Aim of the task »
For the material that follows, return exactly the lines from the one with "This has worsened." through the one with "Hey there and", both ends included.

Material to process »
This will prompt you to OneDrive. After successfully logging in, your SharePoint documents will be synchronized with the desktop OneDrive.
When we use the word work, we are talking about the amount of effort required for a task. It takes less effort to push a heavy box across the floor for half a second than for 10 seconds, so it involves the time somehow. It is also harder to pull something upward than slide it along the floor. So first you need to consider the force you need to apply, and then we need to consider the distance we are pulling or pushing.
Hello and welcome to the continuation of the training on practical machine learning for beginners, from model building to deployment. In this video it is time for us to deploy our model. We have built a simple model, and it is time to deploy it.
* * *
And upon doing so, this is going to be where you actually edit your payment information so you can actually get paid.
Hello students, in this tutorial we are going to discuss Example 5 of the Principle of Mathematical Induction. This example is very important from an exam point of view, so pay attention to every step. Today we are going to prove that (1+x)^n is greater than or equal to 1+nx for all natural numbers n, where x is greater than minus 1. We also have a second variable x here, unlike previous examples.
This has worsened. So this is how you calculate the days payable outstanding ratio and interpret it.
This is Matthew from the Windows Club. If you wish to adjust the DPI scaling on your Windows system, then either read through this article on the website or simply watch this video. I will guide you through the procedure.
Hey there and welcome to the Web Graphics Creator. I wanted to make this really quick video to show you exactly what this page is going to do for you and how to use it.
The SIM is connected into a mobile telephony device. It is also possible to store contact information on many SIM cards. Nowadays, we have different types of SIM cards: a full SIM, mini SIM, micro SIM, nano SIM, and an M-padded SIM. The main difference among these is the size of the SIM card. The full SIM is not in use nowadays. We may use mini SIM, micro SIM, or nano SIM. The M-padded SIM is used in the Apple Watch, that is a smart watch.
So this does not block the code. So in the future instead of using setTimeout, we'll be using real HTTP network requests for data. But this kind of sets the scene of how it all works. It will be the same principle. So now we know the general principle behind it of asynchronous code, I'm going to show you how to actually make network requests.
...
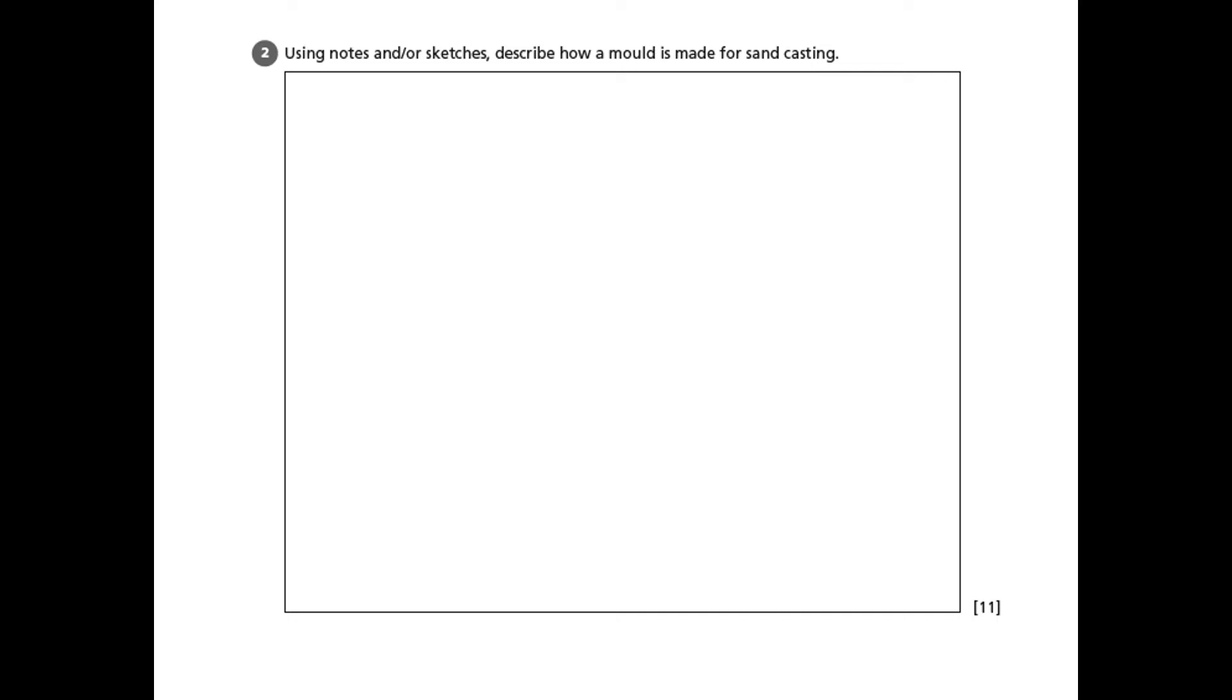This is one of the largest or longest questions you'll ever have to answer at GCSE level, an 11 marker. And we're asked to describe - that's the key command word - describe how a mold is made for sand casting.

Solution »
This has worsened. So this is how you calculate the days payable outstanding ratio and interpret it.
This is Matthew from the Windows Club. If you wish to adjust the DPI scaling on your Windows system, then either read through this article on the website or simply watch this video. I will guide you through the procedure.
Hey there and welcome to the Web Graphics Creator. I wanted to make this really quick video to show you exactly what this page is going to do for you and how to use it.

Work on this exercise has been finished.